PhillyDeals: Geithner preps for committee appearance
When Treasury Secretary Timothy Geithner goes before the House Financial Services Committee tomorrow about preventing more financial abuse and taxpayer bailouts in the loan-sale markets, he'll see a lot of familiar faces.
Geithner met with the committee's influential Capital Markets subcommittee Tuesday night, off the record, at a Financial Regulatory Roundtable dinner sponsored by the Bipartisan Policy Center - a group started by ex-senators to pitch "solutions to the nation's most pressing public policy challenges" behind closed doors.
Should we expect the members asked Geithner questions they won't ask tomorrow? And was he likely more candid without his TV face on?

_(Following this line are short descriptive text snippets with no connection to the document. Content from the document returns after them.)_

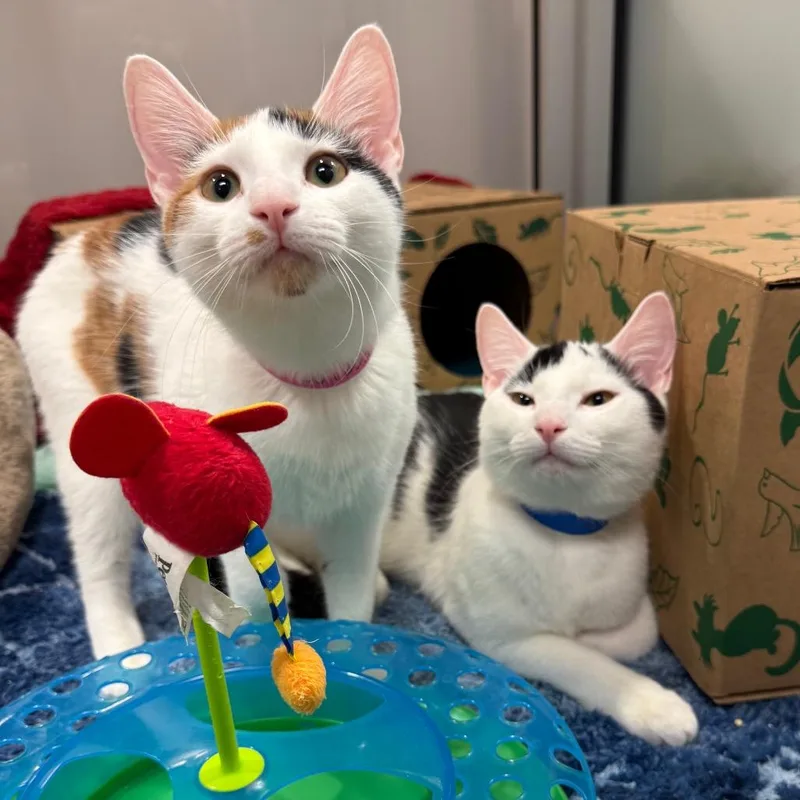 A young medium-sized female Domestic Short Hair cat named T. I. for adoption in Fairport, NY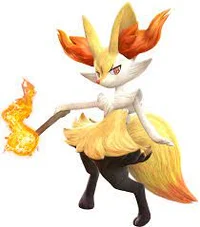 Braixen in real life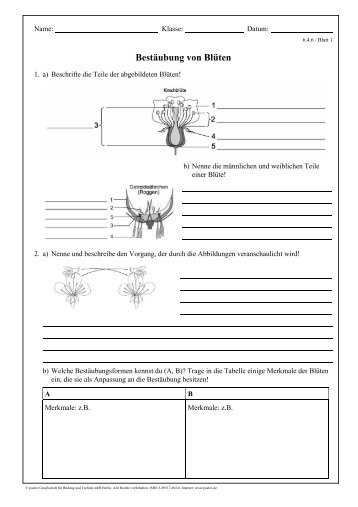 BestÃ¤ubung von BlÃ¼ten - Duden Paetec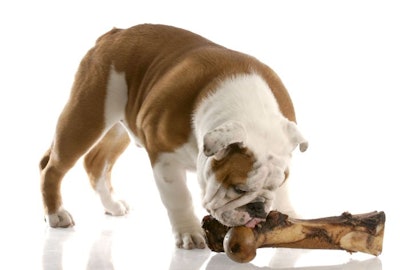 Bulldog Bone Dog Treat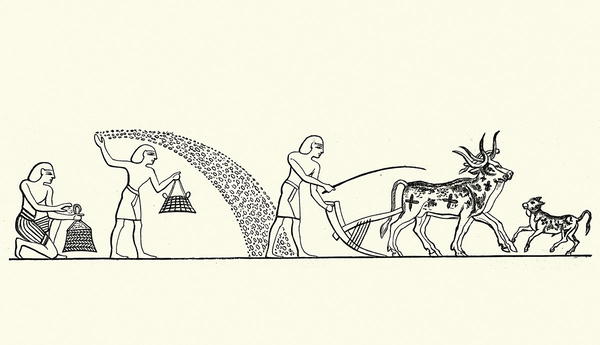 Ancient farmers sowing and plowing fields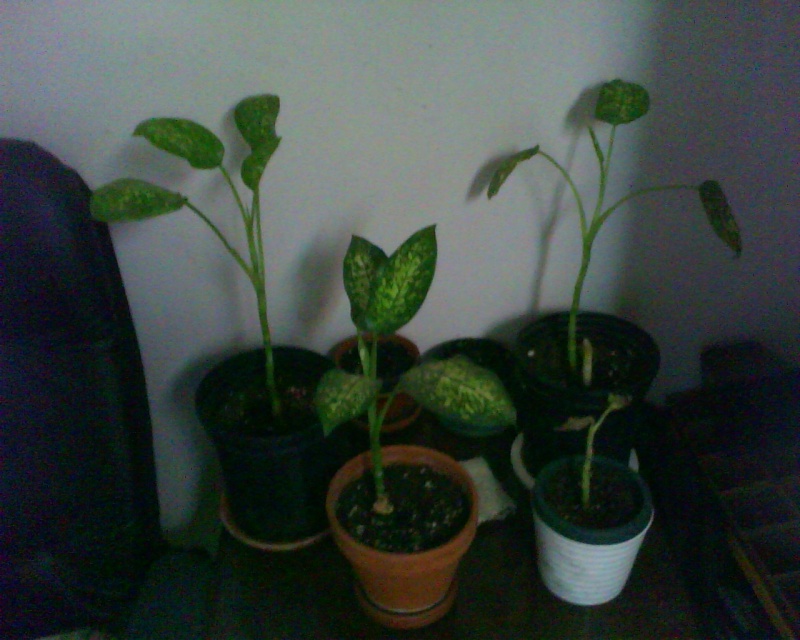 Mon  dieffenbachia perd ses feuilles  Dieffe13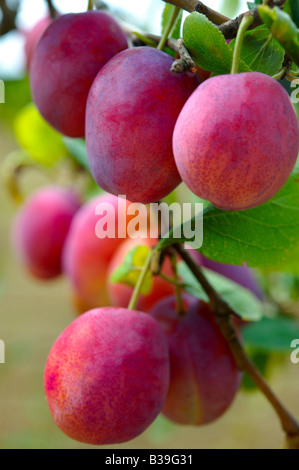 Fresh red Victoria plums ripe growing on a plum tree in an orchard Stock Photo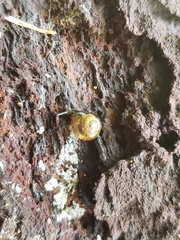 Ovachlamys fulgens
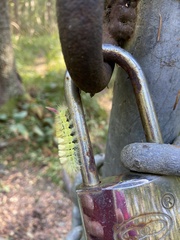 Calliteara pudibunda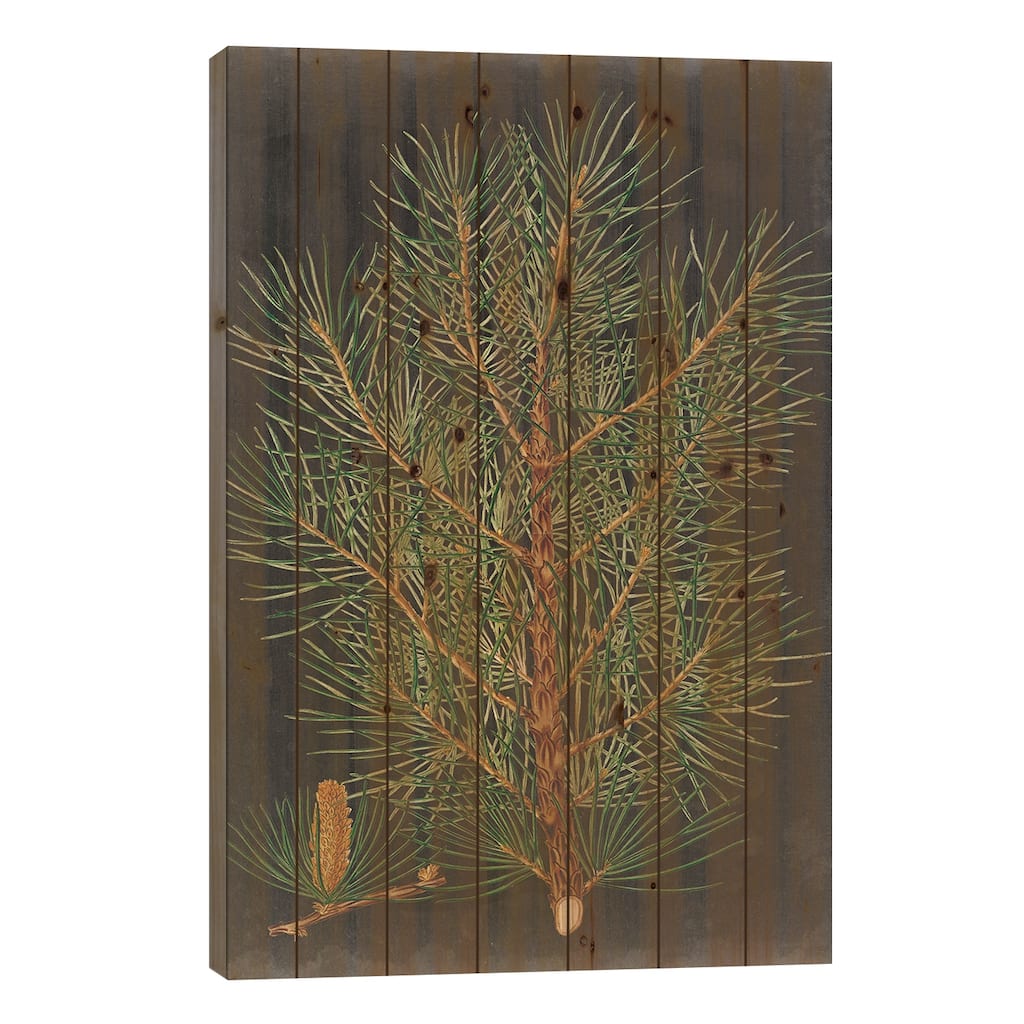 Dramatic Pine II Print On Wood by Vision Studio - Multi-Color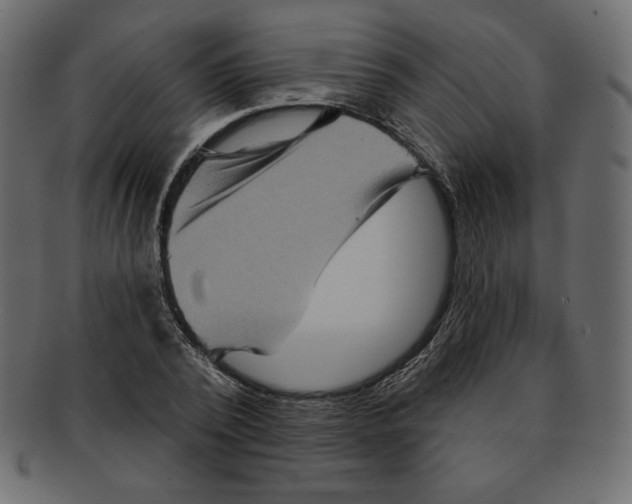 X0000091910784200710031018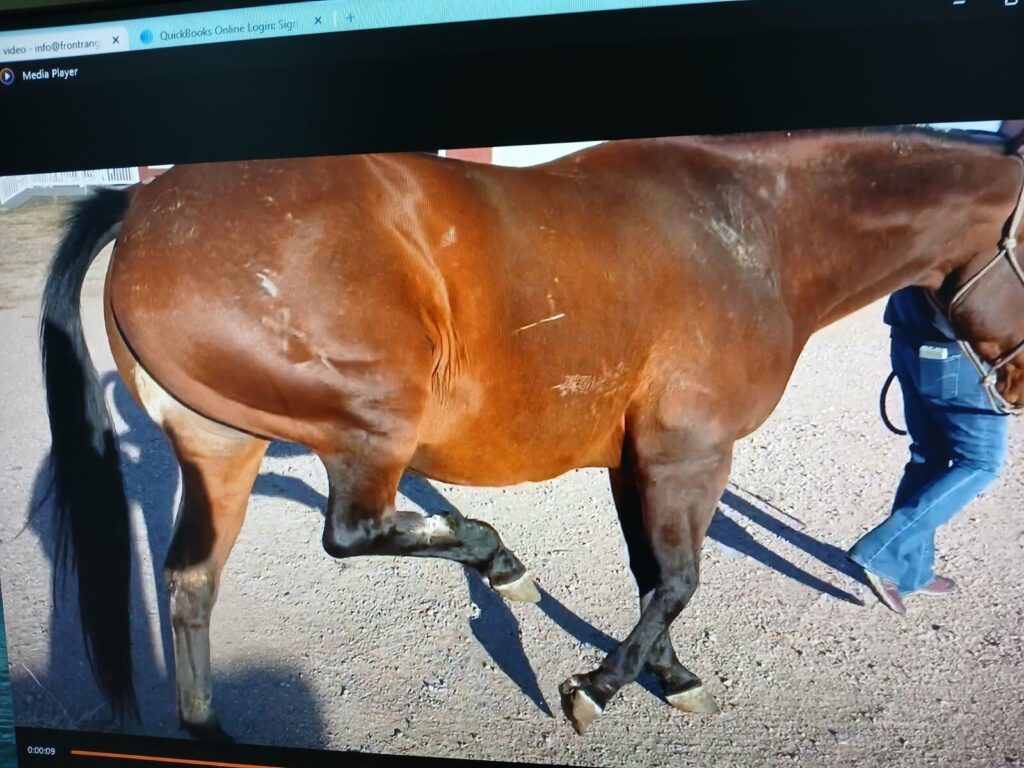 angie.rt.hind.injury.2024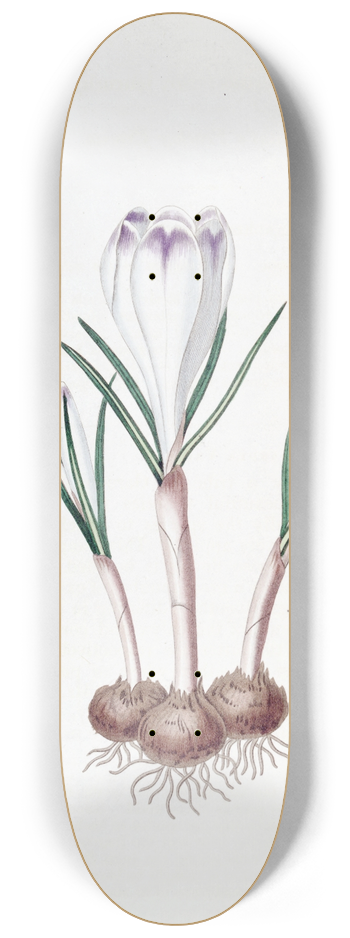 Sydenham Edwards - Pheasants Feather Crocus 8.25 inch art skate deck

"Yes," the subcommittee's minority leader, U.S. Rep. Scott Garrett (R., N.J.) told me.
Will the members be any easier on Geithner,
having spent a pleasant, candid evening in advance?
Maybe not. "Members from both sides have an interest in making a public stand in committee meetings, regardless of who's on the witness stand," Garrett said.
Are closed-door meetings where supposed antagonists hammer out common solutions a threat to democracy?
"The Constitution was written behind closed doors," Garrett said, though "it can be problematical." Still, "as long as you're at the table, you don't see that as a problem."
Turnpike subsidy
Federal taxpayers helped the Pennsylvania Turnpike Commission borrow $275 million to fund a wider Northeast Extension near Lansdale, among other projects, in a taxable bond sale subsidized by President Obama's Build America Bonds (BAB) program.
The commission paid investors 6.1 percent on the bonds, said chief financial officer Nikolaus Grieshaber.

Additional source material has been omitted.